Текст книги "Город Анатоль"
Автор книги: Бернгард Келлерман
Жанр: Современная проза
сообщить о неприемлемом содержимом
Текущая страница: 21 (всего у книги 33 страниц)
XIII
Жизнь в Анатоле ни на секунду не останавливалась. Последние дни из лавочки вдовы Мариам в Кладбищенском переулке непрерывно слышались крики и брань. Голос у вдовы был визгливый, как напильник, и соседи навострили уши. Часто можно было разобрать слова, – бранные слова, весьма нелестные выражения... И в узких дверях лавчонки не видно стало больших глаз дочки Мариам – Розы. Сегодня вечером вдова опять раскричалась. Где-то в доме звякнуло разбитое стекло, потом вдруг всё стало тихо.
А затем соседи увидели, как Роза вышла из дверей. В старом пальто, с иссиня-бледным и мокрым от слез лицом. И в ту же минуту вдова Мариам распахнула окно в верхнем этаже и выбросила на улицу маленький узелок. «Вот твои тряпки, распутница!» – заголосила она. Роза машинально подхватила узелок и что есть духу пустилась бежать вдоль по улице.
С перекосившимся от злобы лицом старуха вопила ей вслед, что самое лучшее для нее отправиться к Барбаре, что она больше не хочет держать в своем доме такую тварь. Разъяренная вдова еще долго осыпала Розу малоприятными для девушки кличками. «Убирайся к своему хахалю!»
А Роза бежала со своим узелком в нефтяной город, к Жаку. Куда же ей еще идти? Слезы ручьями текли по ее лицу. О боже мой! Роза мчалась со всех ног, очутилась на каких-то полуосвещенных улицах, споткнулась в замерзшей колее и сильно зашибла себе щиколотку. Она спросила дорогу у темной фигуры, у которой изо рта шел дым, – фонари проезжавшего автомобиля ослепили Розу, – и, – наконец запыхавшись и выбившись из сил, прибежала к Жаку.
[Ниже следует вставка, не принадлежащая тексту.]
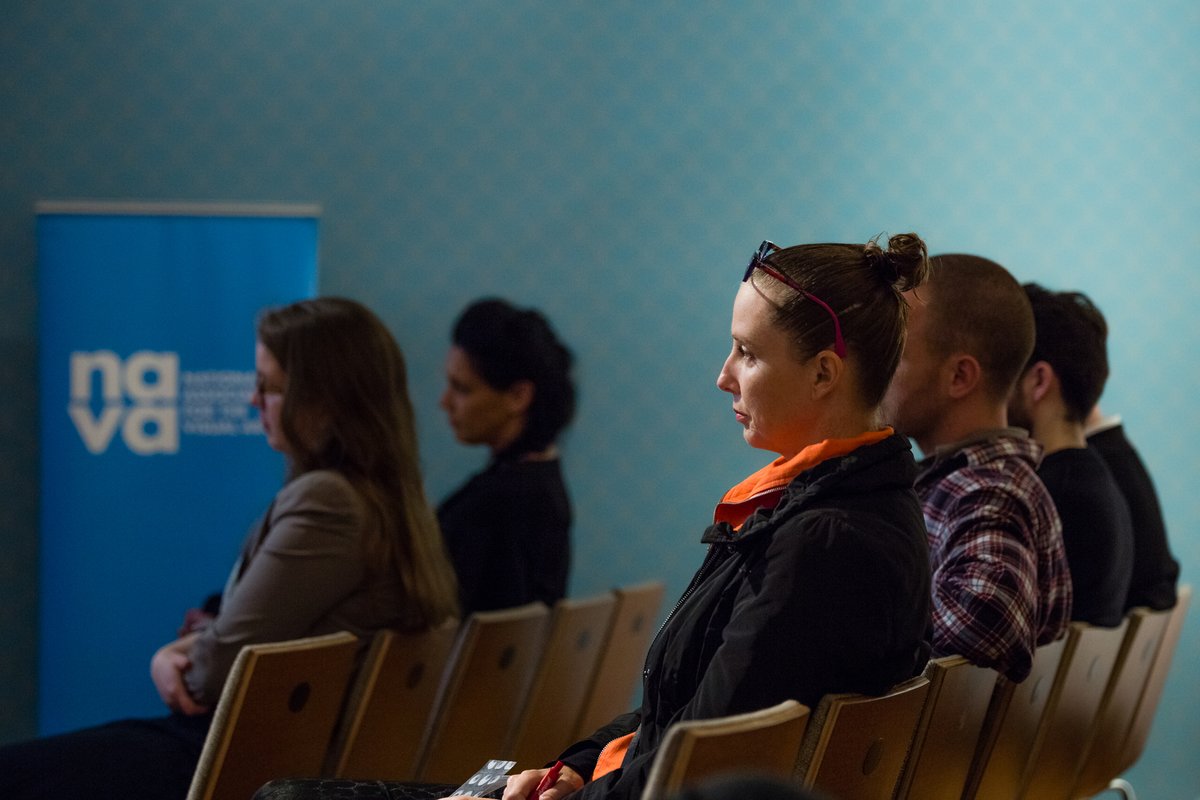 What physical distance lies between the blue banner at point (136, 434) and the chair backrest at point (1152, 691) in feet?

Жак был очень удивлен, но затем прижал ее к груди и поцеловал. Он вытирал слезы на ее щеках, отогревал ее закоченевшие руки, просил ее успокоиться. А она всё еще плакала, хотя чувствовала себя у Жака в безопасности.
О боже мой! Какой позор! Как мать поносила ее перед всеми соседями!
– Успокойся, Роза! – сказал Жак. – Я устрою тебя в «Траяне». А твоя мама не вечно же будет злиться.
Но это еще не всё. О, как она несчастна! Жак еще не всё знает. И она опять зарыдала. Это ведь еще не всё! Боже мой, а Янко как раз уехал! Теперь она разрыдалась так, что не могла вымолвить ни слова. Жак опять гладил ее по волосам, целовал ей мокрые щеки. Нет, нет, она не может ему это сказать! Наконец Жак понял, что Роза беременна, и, поняв это, расхохотался так, что Роза посмотрела на него с испугом. Она подумала, что он смеется над ней. Из ее больших глаз так и текли слезы, ну прямо два родничка!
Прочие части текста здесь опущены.